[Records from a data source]
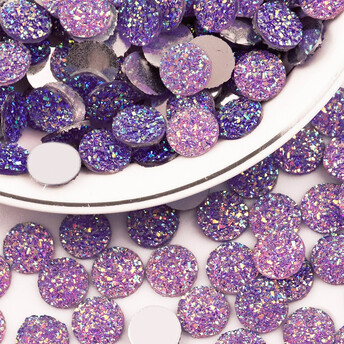 Полубусины Кристалы холодной фиксации 12 мм 20 шт. Сиренево-фиолетовый АВ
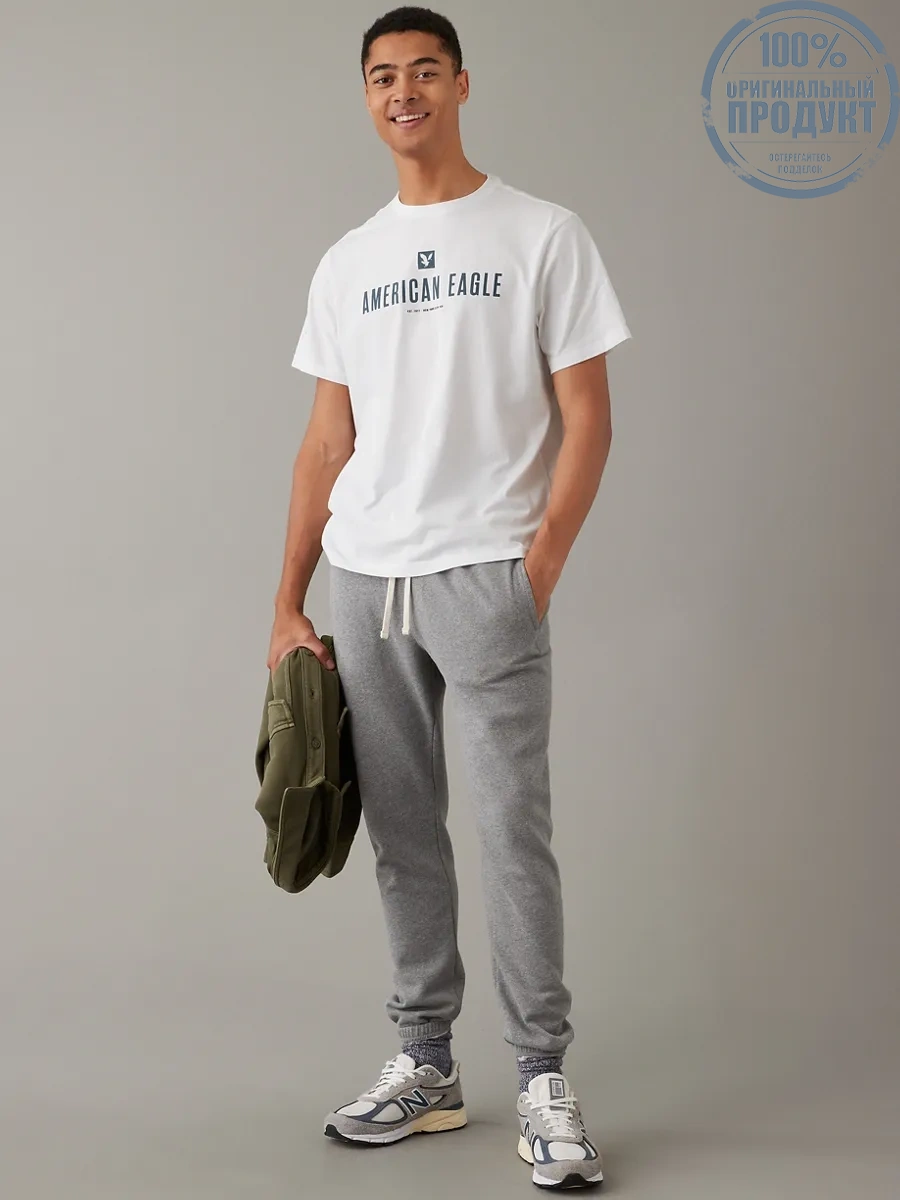 American Eagle MEN G SS CORE BRAND SET IN TEE- PC DYE + SERIOUSLY SOFT WASH 101 AIR WHITE American Eagle MEN G SS CORE BRAND SET IN TEE- PC DYE + SERIOUSLY SOFT WASH 101 AIR WHITE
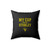 My Cup Size Is Stanley Pittsburgh Penguins Hockey Fan Square Pillow Cover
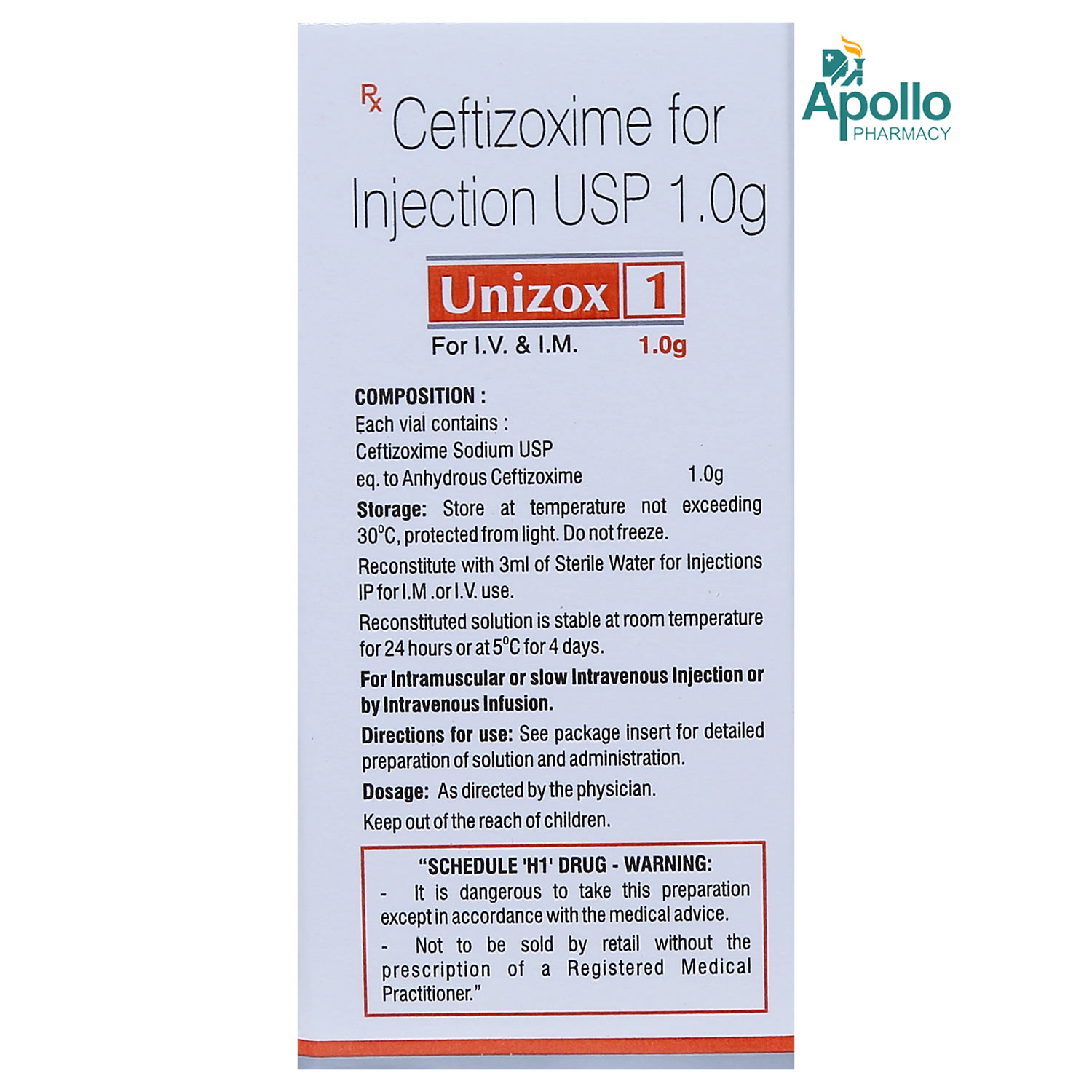 Unizox Injection 1 gm, Pack of 1 INJECTION Unizox Injection 1 gm, Pack of 1 INJECTION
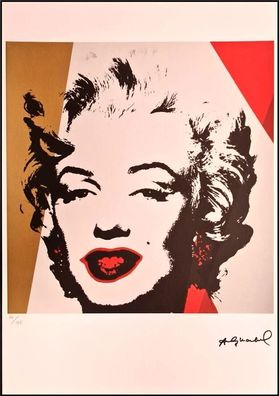 ANDY WARHOL * Marilyn Monroe * signed lithograph * limited # 72/125
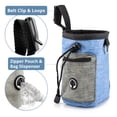 thumbnail image 5 of Dog Treat Training Pouch,Puppy Treat Bag with Collapsible Water Bowl and Built-in Poop Bag Dispenser – Blue, 5 of 6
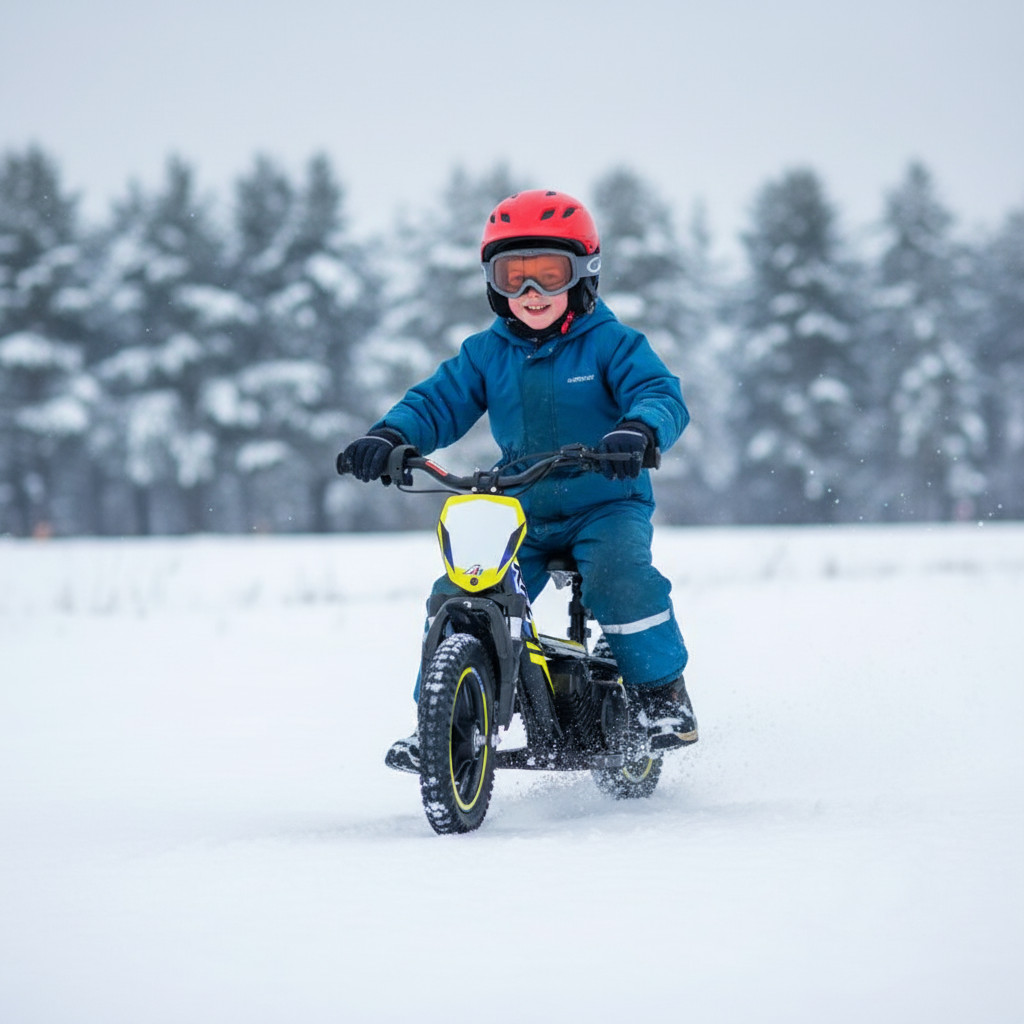 E-bike - elektrická motorka/odrážedlo Leramotors by APOLLO RFZ Sedna 12 PRO - 200W - žlutá - 15. pohled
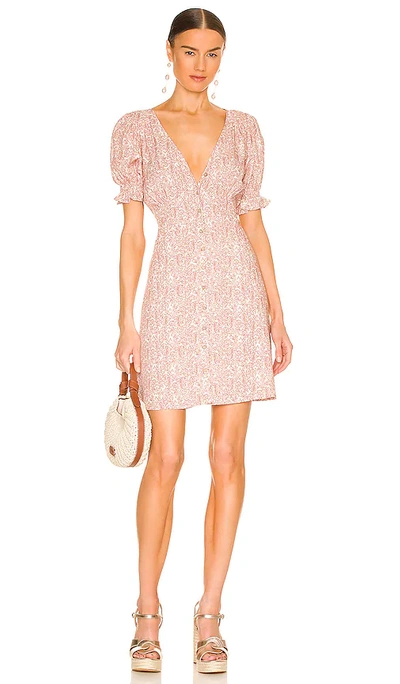 Bb Dakota By Steve Madden Charmed Life Button-up Dress In Mauve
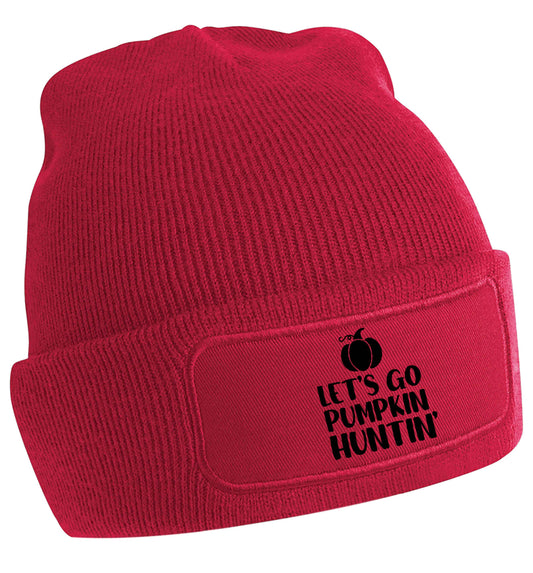 Let's go Pumpkin Huntin'beanie hat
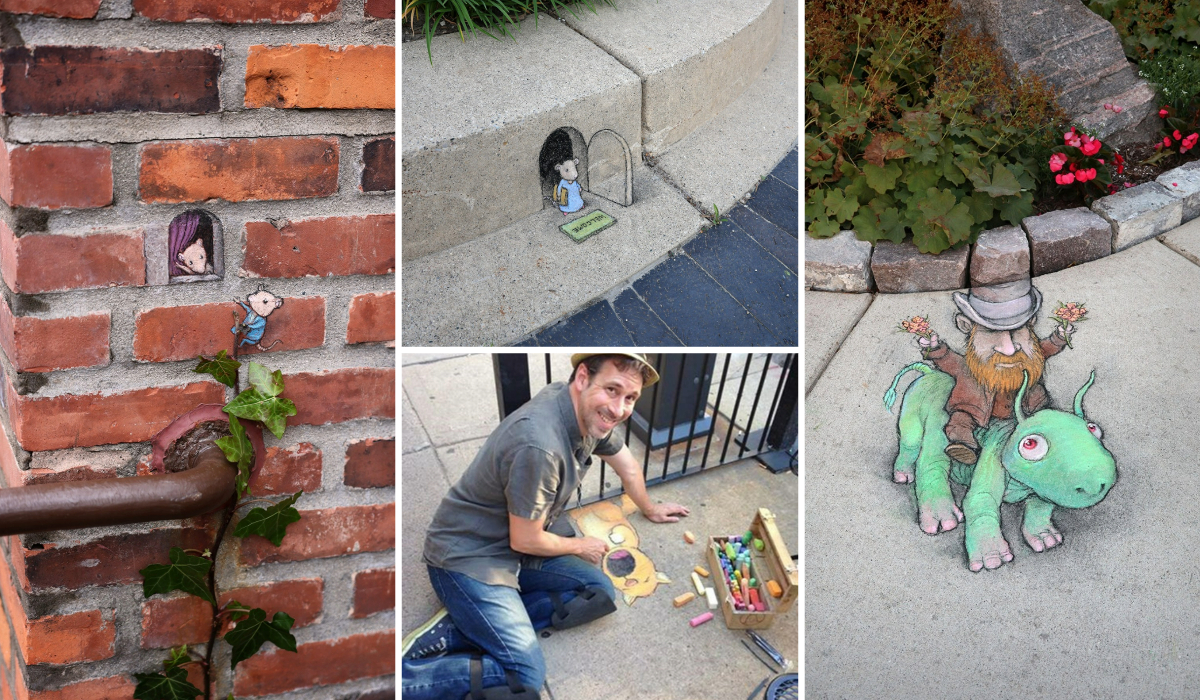 Discover David Zinn’s Latest Chalk Art Masterpieces in Michigan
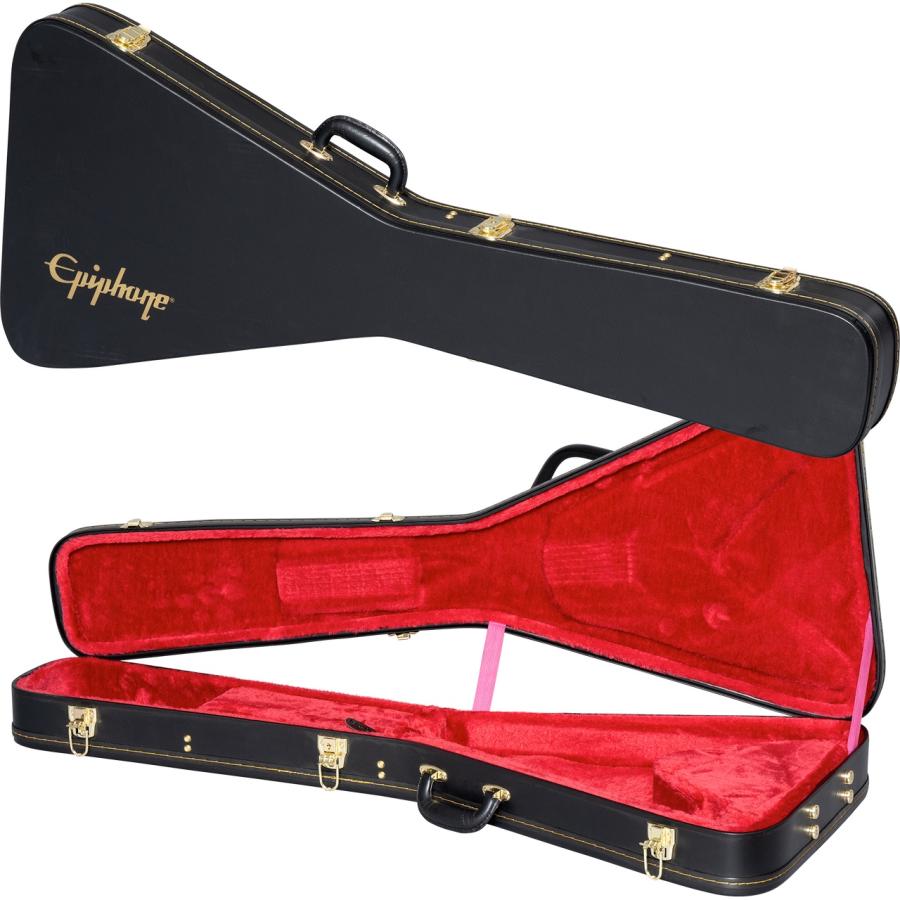 EPIPHONE Flying V58 Ebony純正ハードケース＋ギグバッグ 【公式通販】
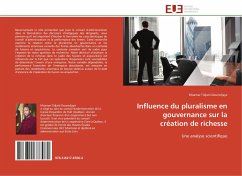 Influence du pluralisme en gouvernance sur la création de richesse - Tidjani-Dourodjaye, Moamar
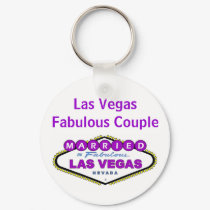Las Vegas Fabulous Couple Keychain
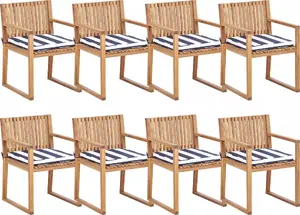 Garden chair Beliani SASSARI II — blue, outdoor seating by Beliani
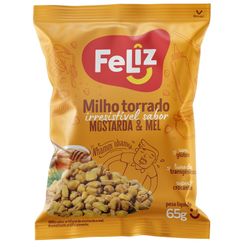 Milho FELIZ FELIZ Torrado Mostarda e Mel Sem Glúten 65g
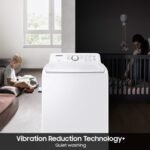 Samsung - 4.0 Cu. Ft. High-Efficiency Top Load Washer with ActiveWave Agitator - White - Image 3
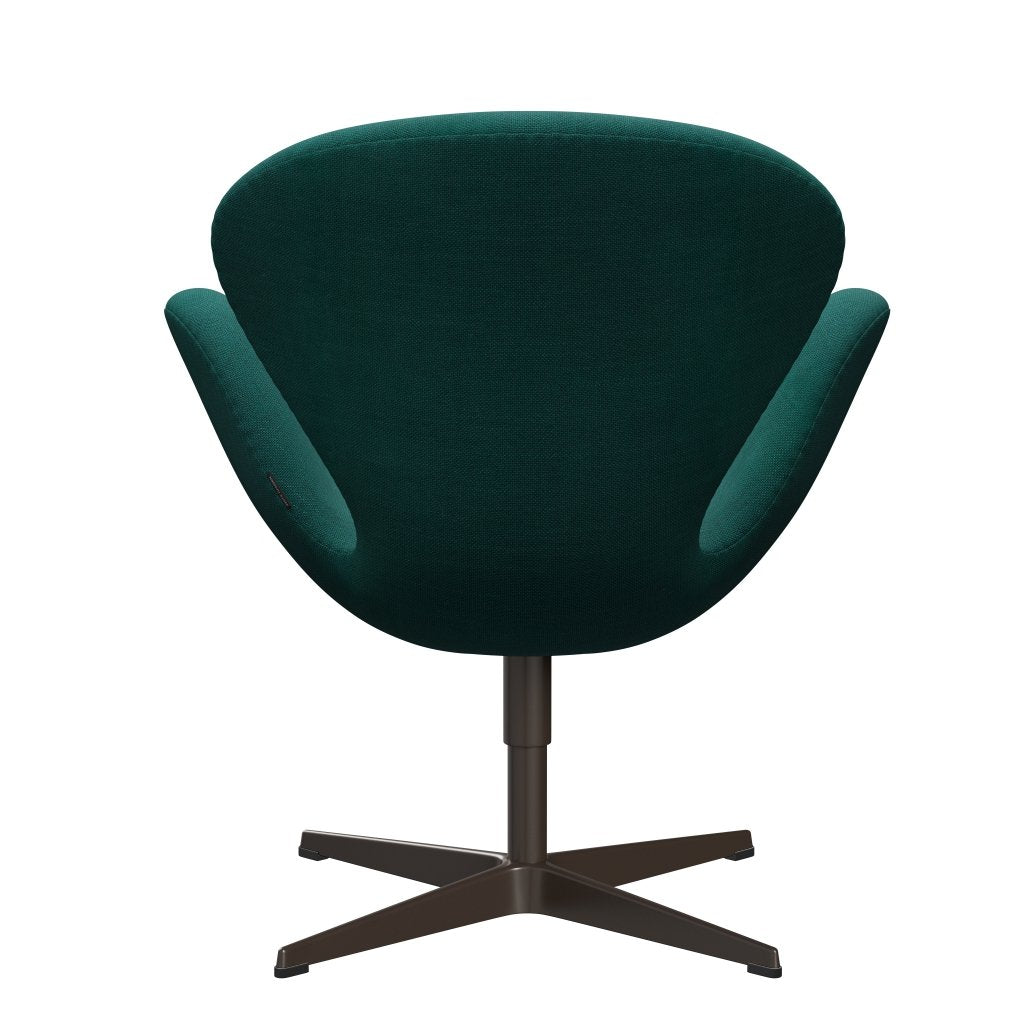 Sedia da salone Fritz Hansen Swan, bronzo marrone/verde sunniva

▶ _Aim of the task_: Output exactly the lines from the first line of the records through the line containing "My Cup Size". Leave out every picture.

▶ _Task output_:
 Полубусины Кристалы холодной фиксации 12 мм 20 шт. Сиренево-фиолетовый АВ
 American Eagle MEN G SS CORE BRAND SET IN TEE- PC DYE + SERIOUSLY SOFT WASH 101 AIR WHITE American Eagle MEN G SS CORE BRAND SET IN TEE- PC DYE + SERIOUSLY SOFT WASH 101 AIR WHITE
 My Cup Size Is Stanley Pittsburgh Penguins Hockey Fan Square Pillow Cover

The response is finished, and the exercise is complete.